Incorporate it into the function

prop <- function(x, percentage = FALSE) {
  n <- length(x)
  mean_val <- sum(x) / n
  if (percentage) {
    mean_val <- mean_val * 100
  } else {
    # don't actually need this else statement!
    mean_val <- mean_val
  }
  return(mean_val)
}

Let’s try it out

prop(c(1, 0, 1, 0, 1))
[1] 0.6
prop(c(1, 0, 1, 0, 1), percentage = TRUE)
[1] 60
prop(c(1, 0, 1, 0, 1), percentage = FALSE)
[1] 0.6
nlsy_cc <- read_csv(here::here("data", "clean", "nlsy.rds"))
prop(nlsy_cc$glasses)
[1] 51.78423

Exercises

  1. Create a function that takes a vector of numbers and returns the standard deviation manually (like we did the mean). Use if statements to check if the vector has only one (or fewer) elements and return NA if so. (Hint: the length() function will be helpful!) You don’t need any extra arguments besides the vector of numbers.

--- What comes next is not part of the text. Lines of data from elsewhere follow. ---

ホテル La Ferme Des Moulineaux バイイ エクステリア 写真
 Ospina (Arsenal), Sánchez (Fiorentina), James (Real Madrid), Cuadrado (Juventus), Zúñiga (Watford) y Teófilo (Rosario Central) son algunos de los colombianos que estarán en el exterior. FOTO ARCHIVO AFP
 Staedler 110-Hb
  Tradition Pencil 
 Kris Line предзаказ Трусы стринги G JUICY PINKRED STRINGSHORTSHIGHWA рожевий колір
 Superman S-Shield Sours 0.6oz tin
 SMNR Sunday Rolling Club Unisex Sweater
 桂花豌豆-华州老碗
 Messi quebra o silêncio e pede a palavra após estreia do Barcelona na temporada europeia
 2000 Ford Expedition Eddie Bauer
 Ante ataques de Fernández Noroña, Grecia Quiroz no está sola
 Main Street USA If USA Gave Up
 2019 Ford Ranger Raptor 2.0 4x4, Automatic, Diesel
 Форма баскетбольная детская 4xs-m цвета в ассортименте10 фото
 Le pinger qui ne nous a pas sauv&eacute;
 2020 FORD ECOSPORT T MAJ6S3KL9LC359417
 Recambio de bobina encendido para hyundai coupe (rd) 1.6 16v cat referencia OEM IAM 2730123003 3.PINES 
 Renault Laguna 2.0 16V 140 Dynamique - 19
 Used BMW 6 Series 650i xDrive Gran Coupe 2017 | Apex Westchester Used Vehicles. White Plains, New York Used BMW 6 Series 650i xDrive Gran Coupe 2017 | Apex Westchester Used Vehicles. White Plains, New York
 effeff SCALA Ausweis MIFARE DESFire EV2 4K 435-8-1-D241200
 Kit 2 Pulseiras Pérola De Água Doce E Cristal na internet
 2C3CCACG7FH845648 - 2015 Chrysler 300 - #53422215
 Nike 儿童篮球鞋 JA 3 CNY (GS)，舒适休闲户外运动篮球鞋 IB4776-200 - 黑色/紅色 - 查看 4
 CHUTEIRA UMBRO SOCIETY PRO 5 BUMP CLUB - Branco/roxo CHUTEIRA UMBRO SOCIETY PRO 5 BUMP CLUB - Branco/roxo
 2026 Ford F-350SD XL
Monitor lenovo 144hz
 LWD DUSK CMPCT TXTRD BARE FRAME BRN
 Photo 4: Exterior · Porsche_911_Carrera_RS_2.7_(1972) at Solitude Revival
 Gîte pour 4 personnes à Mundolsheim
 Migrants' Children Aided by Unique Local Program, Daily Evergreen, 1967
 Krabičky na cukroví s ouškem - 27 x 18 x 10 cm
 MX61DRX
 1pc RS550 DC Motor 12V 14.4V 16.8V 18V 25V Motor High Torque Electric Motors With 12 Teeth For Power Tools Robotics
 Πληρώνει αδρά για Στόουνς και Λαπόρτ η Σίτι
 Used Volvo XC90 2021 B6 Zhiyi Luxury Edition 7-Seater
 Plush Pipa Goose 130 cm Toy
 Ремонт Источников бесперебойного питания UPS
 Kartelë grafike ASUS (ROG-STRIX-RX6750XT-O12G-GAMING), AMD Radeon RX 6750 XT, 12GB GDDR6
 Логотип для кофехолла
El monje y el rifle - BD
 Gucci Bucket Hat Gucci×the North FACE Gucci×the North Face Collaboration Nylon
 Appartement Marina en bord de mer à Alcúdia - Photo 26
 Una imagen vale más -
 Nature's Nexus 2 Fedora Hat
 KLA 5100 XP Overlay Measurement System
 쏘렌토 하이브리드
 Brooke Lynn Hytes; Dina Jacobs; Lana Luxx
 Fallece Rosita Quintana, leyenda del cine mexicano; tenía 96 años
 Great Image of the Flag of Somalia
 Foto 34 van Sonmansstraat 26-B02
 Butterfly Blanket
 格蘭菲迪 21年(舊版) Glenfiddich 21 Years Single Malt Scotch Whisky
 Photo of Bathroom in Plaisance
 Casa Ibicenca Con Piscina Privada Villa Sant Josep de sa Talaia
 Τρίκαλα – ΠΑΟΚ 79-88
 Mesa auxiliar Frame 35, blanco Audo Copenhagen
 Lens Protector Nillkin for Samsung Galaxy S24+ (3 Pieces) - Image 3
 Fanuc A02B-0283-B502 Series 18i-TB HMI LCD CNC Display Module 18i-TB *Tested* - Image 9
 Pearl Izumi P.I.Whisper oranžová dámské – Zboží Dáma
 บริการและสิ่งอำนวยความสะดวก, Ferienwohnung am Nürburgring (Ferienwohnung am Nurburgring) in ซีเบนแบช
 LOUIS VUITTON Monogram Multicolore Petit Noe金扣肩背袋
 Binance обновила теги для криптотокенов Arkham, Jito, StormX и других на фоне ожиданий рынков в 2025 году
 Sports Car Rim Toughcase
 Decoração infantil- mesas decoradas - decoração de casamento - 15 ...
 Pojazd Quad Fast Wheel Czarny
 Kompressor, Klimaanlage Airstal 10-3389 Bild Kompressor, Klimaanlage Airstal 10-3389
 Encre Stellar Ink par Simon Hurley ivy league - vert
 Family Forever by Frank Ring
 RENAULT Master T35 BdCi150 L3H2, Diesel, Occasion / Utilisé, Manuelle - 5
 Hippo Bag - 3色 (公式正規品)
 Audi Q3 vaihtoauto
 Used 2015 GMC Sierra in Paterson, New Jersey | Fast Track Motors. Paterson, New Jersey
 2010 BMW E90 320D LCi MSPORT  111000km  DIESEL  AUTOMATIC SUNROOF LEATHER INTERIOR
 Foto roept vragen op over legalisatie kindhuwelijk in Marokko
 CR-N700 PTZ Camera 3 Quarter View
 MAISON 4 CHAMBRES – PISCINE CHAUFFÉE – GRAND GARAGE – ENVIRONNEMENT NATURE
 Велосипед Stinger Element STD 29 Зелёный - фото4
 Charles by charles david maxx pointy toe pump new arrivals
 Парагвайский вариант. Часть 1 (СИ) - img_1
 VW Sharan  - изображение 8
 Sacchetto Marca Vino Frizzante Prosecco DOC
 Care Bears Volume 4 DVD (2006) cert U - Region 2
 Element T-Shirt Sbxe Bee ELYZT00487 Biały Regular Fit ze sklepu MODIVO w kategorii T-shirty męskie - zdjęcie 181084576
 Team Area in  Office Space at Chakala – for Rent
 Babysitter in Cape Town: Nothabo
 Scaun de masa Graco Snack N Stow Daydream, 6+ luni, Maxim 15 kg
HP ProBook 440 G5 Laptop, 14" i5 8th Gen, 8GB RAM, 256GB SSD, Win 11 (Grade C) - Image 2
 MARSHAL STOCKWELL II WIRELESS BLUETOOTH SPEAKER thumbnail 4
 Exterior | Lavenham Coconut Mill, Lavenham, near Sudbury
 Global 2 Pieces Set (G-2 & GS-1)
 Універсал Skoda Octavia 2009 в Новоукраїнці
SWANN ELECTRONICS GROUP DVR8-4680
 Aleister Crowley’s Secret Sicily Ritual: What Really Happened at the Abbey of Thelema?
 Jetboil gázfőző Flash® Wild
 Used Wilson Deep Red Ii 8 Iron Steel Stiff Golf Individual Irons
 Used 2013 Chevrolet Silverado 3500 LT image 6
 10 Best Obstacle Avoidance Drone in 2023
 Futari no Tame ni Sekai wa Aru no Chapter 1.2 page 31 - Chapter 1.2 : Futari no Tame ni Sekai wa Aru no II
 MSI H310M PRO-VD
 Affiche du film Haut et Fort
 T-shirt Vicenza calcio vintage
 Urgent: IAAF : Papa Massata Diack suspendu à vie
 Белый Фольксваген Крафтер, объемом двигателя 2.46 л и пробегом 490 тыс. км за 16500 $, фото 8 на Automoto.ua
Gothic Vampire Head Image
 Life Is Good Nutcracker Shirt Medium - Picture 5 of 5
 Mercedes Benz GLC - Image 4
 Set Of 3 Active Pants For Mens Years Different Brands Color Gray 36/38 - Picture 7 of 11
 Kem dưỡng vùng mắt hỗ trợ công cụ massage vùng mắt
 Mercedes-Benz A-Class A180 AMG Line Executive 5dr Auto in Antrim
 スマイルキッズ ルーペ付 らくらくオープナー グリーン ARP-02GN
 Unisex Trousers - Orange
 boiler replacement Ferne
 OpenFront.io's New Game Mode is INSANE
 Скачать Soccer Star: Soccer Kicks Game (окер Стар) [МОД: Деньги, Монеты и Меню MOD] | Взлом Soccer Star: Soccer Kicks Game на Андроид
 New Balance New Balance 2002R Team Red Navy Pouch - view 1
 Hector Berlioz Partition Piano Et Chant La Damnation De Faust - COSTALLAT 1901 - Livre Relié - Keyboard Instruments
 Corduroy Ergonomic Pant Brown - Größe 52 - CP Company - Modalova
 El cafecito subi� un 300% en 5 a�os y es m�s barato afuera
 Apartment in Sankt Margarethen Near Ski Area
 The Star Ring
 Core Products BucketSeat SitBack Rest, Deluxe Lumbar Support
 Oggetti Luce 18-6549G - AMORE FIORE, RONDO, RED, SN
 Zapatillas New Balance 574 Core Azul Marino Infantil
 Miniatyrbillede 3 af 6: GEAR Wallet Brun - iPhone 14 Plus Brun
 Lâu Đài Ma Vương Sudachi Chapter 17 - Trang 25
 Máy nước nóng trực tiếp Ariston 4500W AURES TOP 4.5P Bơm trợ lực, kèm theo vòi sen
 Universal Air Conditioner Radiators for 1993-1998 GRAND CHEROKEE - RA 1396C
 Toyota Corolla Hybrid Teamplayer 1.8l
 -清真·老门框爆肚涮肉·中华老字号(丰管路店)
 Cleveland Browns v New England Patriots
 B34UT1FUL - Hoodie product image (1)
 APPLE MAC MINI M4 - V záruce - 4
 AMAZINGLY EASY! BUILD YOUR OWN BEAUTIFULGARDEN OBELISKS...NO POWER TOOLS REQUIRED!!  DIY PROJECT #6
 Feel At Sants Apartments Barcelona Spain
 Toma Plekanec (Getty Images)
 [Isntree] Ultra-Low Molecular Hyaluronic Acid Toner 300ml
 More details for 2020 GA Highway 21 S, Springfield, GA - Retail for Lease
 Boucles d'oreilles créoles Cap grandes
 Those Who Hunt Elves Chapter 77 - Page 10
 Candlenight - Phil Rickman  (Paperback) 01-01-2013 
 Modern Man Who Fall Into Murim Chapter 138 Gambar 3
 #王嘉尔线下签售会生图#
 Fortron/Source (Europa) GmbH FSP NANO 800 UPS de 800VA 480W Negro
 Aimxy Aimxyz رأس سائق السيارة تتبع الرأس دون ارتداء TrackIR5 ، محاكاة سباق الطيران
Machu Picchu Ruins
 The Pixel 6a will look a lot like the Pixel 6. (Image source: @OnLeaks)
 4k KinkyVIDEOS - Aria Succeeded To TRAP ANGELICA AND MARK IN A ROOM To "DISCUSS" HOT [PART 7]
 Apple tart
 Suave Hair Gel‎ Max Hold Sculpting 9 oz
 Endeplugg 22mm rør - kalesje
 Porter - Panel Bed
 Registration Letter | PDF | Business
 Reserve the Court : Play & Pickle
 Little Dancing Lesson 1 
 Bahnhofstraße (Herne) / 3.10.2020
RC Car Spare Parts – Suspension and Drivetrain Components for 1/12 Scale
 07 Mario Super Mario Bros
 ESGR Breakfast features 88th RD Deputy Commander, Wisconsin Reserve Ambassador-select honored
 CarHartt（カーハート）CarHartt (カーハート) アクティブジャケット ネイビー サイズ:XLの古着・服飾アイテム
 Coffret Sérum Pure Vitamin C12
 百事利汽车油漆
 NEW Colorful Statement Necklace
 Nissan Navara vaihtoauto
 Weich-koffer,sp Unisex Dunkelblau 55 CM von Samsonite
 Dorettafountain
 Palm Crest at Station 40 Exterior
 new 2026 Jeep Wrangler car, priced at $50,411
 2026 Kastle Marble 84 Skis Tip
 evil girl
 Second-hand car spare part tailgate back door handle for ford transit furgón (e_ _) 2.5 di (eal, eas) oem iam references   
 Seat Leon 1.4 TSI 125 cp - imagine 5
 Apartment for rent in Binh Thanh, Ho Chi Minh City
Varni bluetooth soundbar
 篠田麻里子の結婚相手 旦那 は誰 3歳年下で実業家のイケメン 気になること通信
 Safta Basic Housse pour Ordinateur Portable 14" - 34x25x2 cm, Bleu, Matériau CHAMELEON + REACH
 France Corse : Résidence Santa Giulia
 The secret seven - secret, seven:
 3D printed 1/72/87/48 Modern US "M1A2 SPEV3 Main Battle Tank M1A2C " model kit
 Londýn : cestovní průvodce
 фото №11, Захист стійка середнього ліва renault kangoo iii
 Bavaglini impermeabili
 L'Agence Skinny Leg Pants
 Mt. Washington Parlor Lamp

\[ \text{sd}(x) = \sqrt{\frac{\sum_{i=1}^{n} (x_i - \bar{x})^2}{n-1} } \]

Exercises

  1. Modify your function to remove the NA values before calculating the standard deviation. (Hint: the na.omit() function will be helpful!) Add an argument na.rm = that defaults to TRUE (the opposite of the na.rm argument in the built-in R function sd()). If na.rm = FALSE, then the function should return NA if there are any NA values in the vector.

  2. What is the standard deviation of income in (all of) NLSY? Compare with the built-in R function sd().